Voici un extrait anonyme d'une confession, elles étaient toutes du même tonneau, simples, cordiale, décontractées et disons-le, bonne enfant.

Le jeune curé avait également le don de trouver les mots justes pour réconforter le malade au seuil de la mort. Il dédramatisait l'absence de vie.

Aux non croyants, il disait que nous avions tous une expérience de la mort, une fois par vingt-quatre heures, quand notre conscience n'était plus habitée de pensées, dans le sommeil sans rêve nous expérimentions la mort sans la reconnaissance du Ciel.

Aux croyants, il tenait un discours plus orthodoxe, mais toujours très simple, sans recourir aux formules grandiloquentes de la prêtrise.
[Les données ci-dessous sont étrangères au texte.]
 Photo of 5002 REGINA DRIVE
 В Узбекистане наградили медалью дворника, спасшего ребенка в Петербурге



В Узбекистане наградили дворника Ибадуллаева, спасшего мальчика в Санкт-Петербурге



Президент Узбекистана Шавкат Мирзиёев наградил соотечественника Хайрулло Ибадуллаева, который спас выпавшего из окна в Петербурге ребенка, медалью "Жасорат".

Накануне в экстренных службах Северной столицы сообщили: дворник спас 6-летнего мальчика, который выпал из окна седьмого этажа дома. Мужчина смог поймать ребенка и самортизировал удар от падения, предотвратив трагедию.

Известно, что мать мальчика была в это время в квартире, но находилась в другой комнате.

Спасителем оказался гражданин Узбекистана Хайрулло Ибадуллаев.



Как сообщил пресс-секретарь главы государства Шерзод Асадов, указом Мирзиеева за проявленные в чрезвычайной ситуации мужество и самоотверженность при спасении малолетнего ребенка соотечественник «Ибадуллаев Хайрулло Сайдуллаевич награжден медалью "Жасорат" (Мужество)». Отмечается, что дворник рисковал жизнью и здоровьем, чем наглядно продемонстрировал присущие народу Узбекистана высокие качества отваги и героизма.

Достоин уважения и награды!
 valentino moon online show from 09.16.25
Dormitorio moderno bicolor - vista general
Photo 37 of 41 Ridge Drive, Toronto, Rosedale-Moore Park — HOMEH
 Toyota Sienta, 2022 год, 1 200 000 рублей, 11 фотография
Monsieur le jeune curé était parfait, un saint disait de lui, certains, maintenant, mais n'exagérons rien, il était quand même très maladroit. Avec deux mains gauches, n'importe qui, si l'on était droitier, aurait été plus habile que lui et ce défaut allait lui couter l'estime de ses paroissiens et l'opprobre de son Eglise.
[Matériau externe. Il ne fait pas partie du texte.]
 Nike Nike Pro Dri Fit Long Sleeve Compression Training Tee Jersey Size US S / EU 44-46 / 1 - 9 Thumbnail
Un enfant était né et les parents catholiques voulaient le faire baptiser au plus vite, principe de précaution, sait-on jamais. C'était le premier baptême que notre curé novice allait officier et il était tout énervé de cela, un peu anxieux également. Les parents arrivèrent avec le nourrisson vierge d'esprit à la chapelle. Le curé propre comme un sou neuf dans ses habits liturgiques les accueilli chaleureusement avec bonhommie comme à son habitude. Pourtant ceux qui le connaissait bien aurait décelé chez celui-ci de l'inquiétude. Tout ce passa pour le mieux, au début du moins, car quand l'enfant changea de mains, qu'il passa des bras parentaux aux bras séculiers, il y eut un cafouillage et le bébé tomba sur les dalles de pierre de l'église, le malheur qui ne vient jamais seul, voulut qu'il y tomba sur la tête de surcroit. Ce qui mit un terme à sa courte existence vierge de conscience.

A la suite de ce drame, le curé fut rappelé et envoyé servir l'église on ne sait où. La rumeur, qui en fait toujours trop, arriva jusqu'au Vatican.

-         Enfin, je ne comprends pas, comment peut-on noyer un enfant lors de la cérémonie du baptême, il n'y a pas assez d'eau. C'est insensé !

-         Les voies du Seign…

-         Arrêtez à la fin ! Bientôt vous allez me parler de contre-miracle. Je veux des faits tangibles.

-         Je ne sais pas, votre excellence, je n'ai pas d'autres informations sur le sujet.

-         C'est fâcheux.

-         Effectivement, fâcheux… très fâcheux, votre excellence.